The deadliest shooting in modern US history brought horror and bloodshed to their backyard.
In the wake of the Route 91 Harvest massacre, it's hard to find Las Vegans who don't support tighter gun laws - at least publicly.
Many locals that Fairfax Media spoke to on Thursday brought up Australia's gun laws and spoke about them with a mix of curiosity, marvel and envy.
"Why can't we make it illegal to carry guns around too? I don't carry guns," mechanic Jeffrey Johnson, 63, said. "I mean, I'm just speechless. How can somebody have all those guns? I just can't understand that at all.
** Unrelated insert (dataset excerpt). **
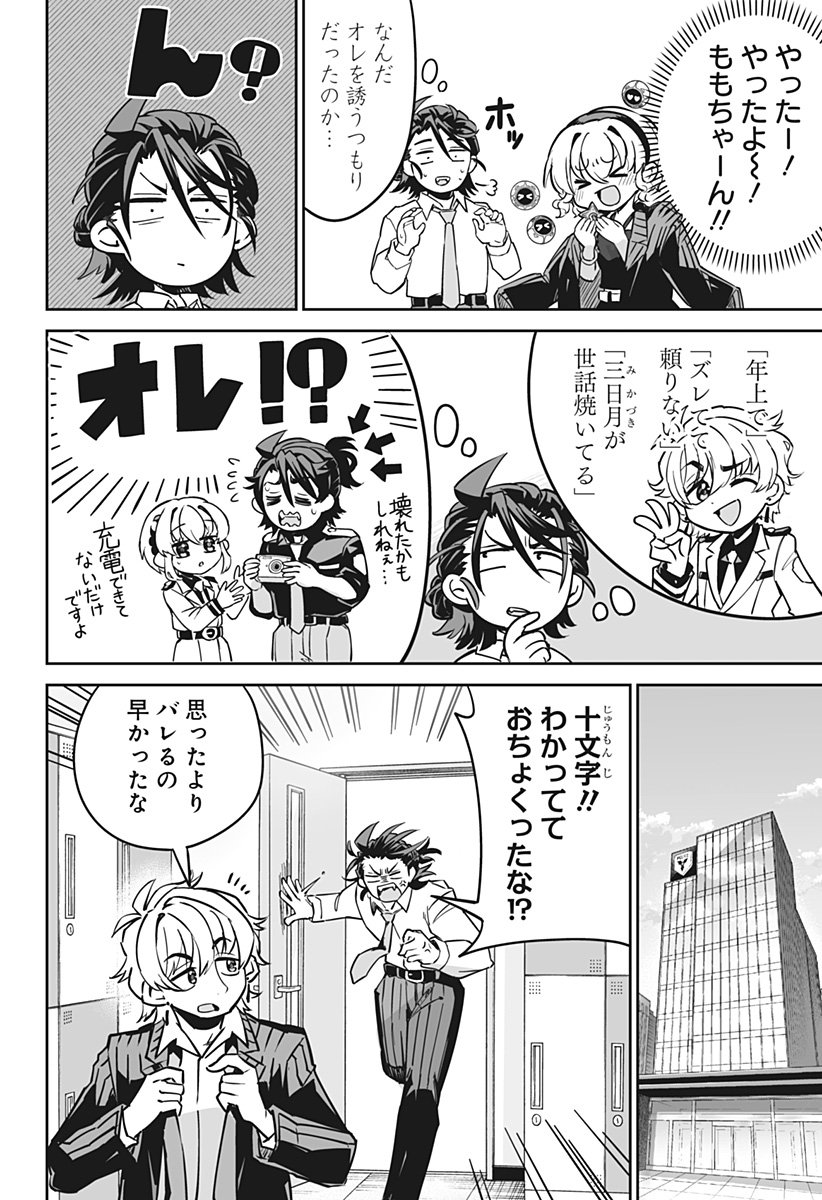 Page 22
This country is just paralysed on the issue."
Bartender Monique Serrano, 20, said gunman Stephen Paddock's ability to freely buy 47 firearms, including military-grade assault rifles and 12 bump stock devices to make some fire like a fully automatic machine guns, was "just crazy".
"I'm not really a gun person," she said. "And it would frustrate me if nothing changed out of this."
But she was not surprised that the deadliest mass shooting happened in her city. "It happens everywhere, in every city," she said.
Fred Wasser, a local radio producer, was a little more circumspect on whether he supported Australia's 1996 laws, which include a national gun register of gun ownership, bans on semi and fully automatic rifles and a 28 day cooling off period after purchases.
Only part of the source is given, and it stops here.